The Automotive News Future Product spotlight on Jeep has a Wagoneer and Grand Wagoneer scheudled for 2019.
“The Wagoneer family will share a platform with the current Ram 1500, but it will push the upper boundaries of SUV luxury when it appears in mid-2019 after the Warren Truck Assembly Plant in Michigan is retooled,” says the trade publication. “The three-row Wagoneer and Grand Wagoneer will be body-on-frame to compete closely with the GMC Yukon Denali and Chevrolet Suburban and will share a platform with the Ram 1500 pickup.”
The original Jeep Wagoneer existed from 1963 to 1991 and paved the way for every luxury SUV that followed. Here’s a look at what the best Wagoneers looked like in those years:
The Wagoneer arrived in 1963, as the replacement for the stalwart Jeep Station Wagon, just as “Jeep” finally became a brand name. The original Wagoneer hit the trails when Willys Motors transformed into the Kaiser Jeep Corporation. The new Wagoneer was powered by a 230-cu.in., single overhead cam, “Tornado” inline six-cylinder engine.
Seat belts were optional on the original Wagoneer. A compass was not. It was standard on every Wagoneer sold that year. As an option, buyers could select an independent front suspension on four-wheel drive models. (Yes, two-wheel drive Wagoneers were part of the product mix until 1967.) Two-door Wagoneers variants were available until 1971, and then a separate, two-door Cherokee model arrived in 1974.
In late 1965 and 1966, the Wagoneer started to go uptown with the “Super Wagoneer.” It featured a 270 hp version of the AMC V8, fitted with a four-barrel carburetor. It also included what amounted to “luxury” features at the time: a push-button radio, seven-position tilt steering wheel, courtesy lights, air conditioning, a power tailgate, power brakes, power steering, and a console-shifted TH400 automatic transmission.
For the 1968 model year, the Wagoneer’s AMC-sourced V-8 engine gave way to a Buick 350-cu.in. V-8 that Jeep branded as “Dauntless.” It had less horsepower than the AMC V-8, but better torque. The Buick V-8 lasted through the 1970 model year.
There’s some speculation that Jeep built “1414X” Wagoneers in 1969, but if they existed, they’re rare. Certainly in 1970, the 1414X-coded Wagoneers were called the “Custom Wagoneer” and featured an anodized aluminum spear running along the side. In 1971, the Custom was renamed the Special.
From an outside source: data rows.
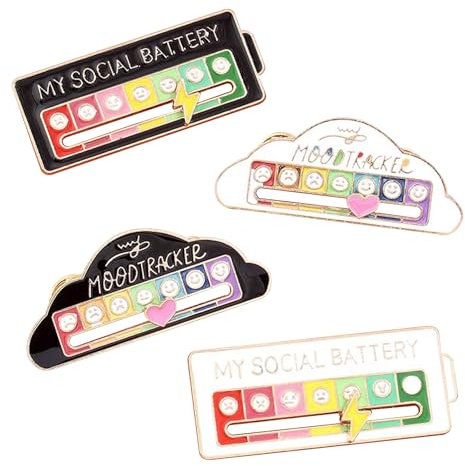 Lot de 4 broches de batterie sociale, broche amusante pour humeur sociale, broches décoratives coulissantes, broches de changement d'humeur sur 7 jours, insigne d'expression sociale, Métal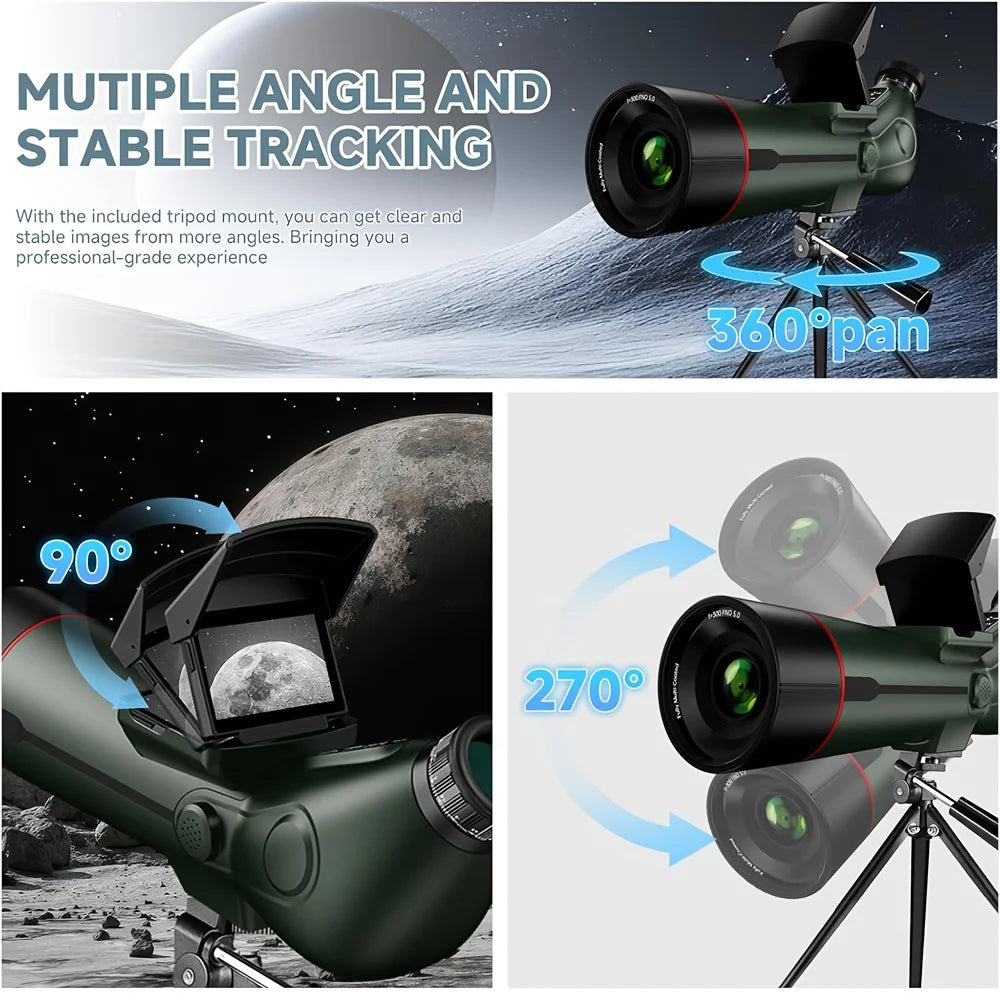 Hrvzdvw Digital Spotting Scope With Screen 4K Auto Focus
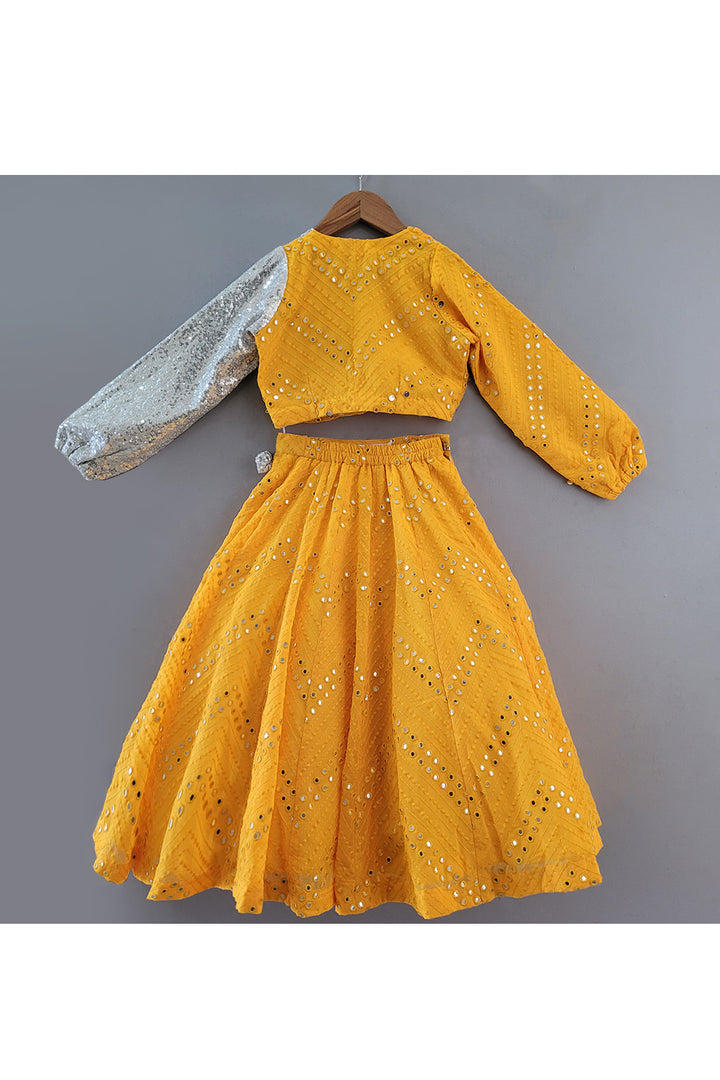 Yellow Sequins Embroidered Top With Lehenga Set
That was the first year that woodgrain was part of the Wagoneer package. The Special had a sticker price of $6,114. As a price comparison, a 1971 Cadillac Sedan De Ville was $6,264.
The 1973 model year brought Jeep’s innovative “Quadra-Trac” four-wheel drive system. Quadra-Trac was a chain-driven transfer case that used a differential to shift torque between front and rear automatically, which allowed drivers to enjoy the benefits of four-wheel drive without manually shifting the transfer case or locking the front wheel hubs. The system could also be locked front-and-rear with a switch that used engine vacuum.
The Wagoneer moved upmarket again in 1975, with the Limited trim. This is the year that the Wagoneer got the full “woodgrain” (read: shelf paper) treatment that it would be associated with forever. The Limited included Quadra-Trac as an option, power disk brakes, air conditioning, power-adjustable bucket seats, power door locks, power windows, tilt steering wheel, cruise control, leather upholstery, plush carpeting, an AM/FM/CB radio, leather-wrapped steering wheel, roof rack, forged aluminum wheels, and “woodgrain” trim on the body sides.
Aside from minor styling changes, the Wagoneer wouldn’t change much until its last year, 1987. For 1983, the Wagoneer Limited got the new Select-Trac four-wheel drive system. Instead of a manually-shifted transfer case, Select-Trac moved the four-wheel drive transfer case selector to a switch on the dash that activated a spline clutch built into the front axle assembly.
In 1984, the old “Brougham” trim became the Grand Wagoneer.
The last major change for the Jeep Wagoneer came in 1987, after AMC was gobbled up by Chrysler. For the 25th anniversary of the Wagoneer’s launch, the SUVs got an engine upgrade to the 360 cu in V-8 engine and self-sealing Michelin “Tru Seal” tires.
By the end of the line, the Grand Wagoneer was hardly a blip on Chrysler’s radar. The last year — 1991 — Jeep sold a grand total of 1,560 Grand Wagoneers. Contrast that to the 1991 model year of the XJ Cherokee: the year the Grand Wagoneer bowed out, the Jeep sold 130,770 XJ Cherokees. Two years later, Jeep introduced the ZJ Grand Cherokee and sold 250,143 units the first year out of the gate. By 1998, more than 1.6 million ZJ Grand Cherokees were on the road.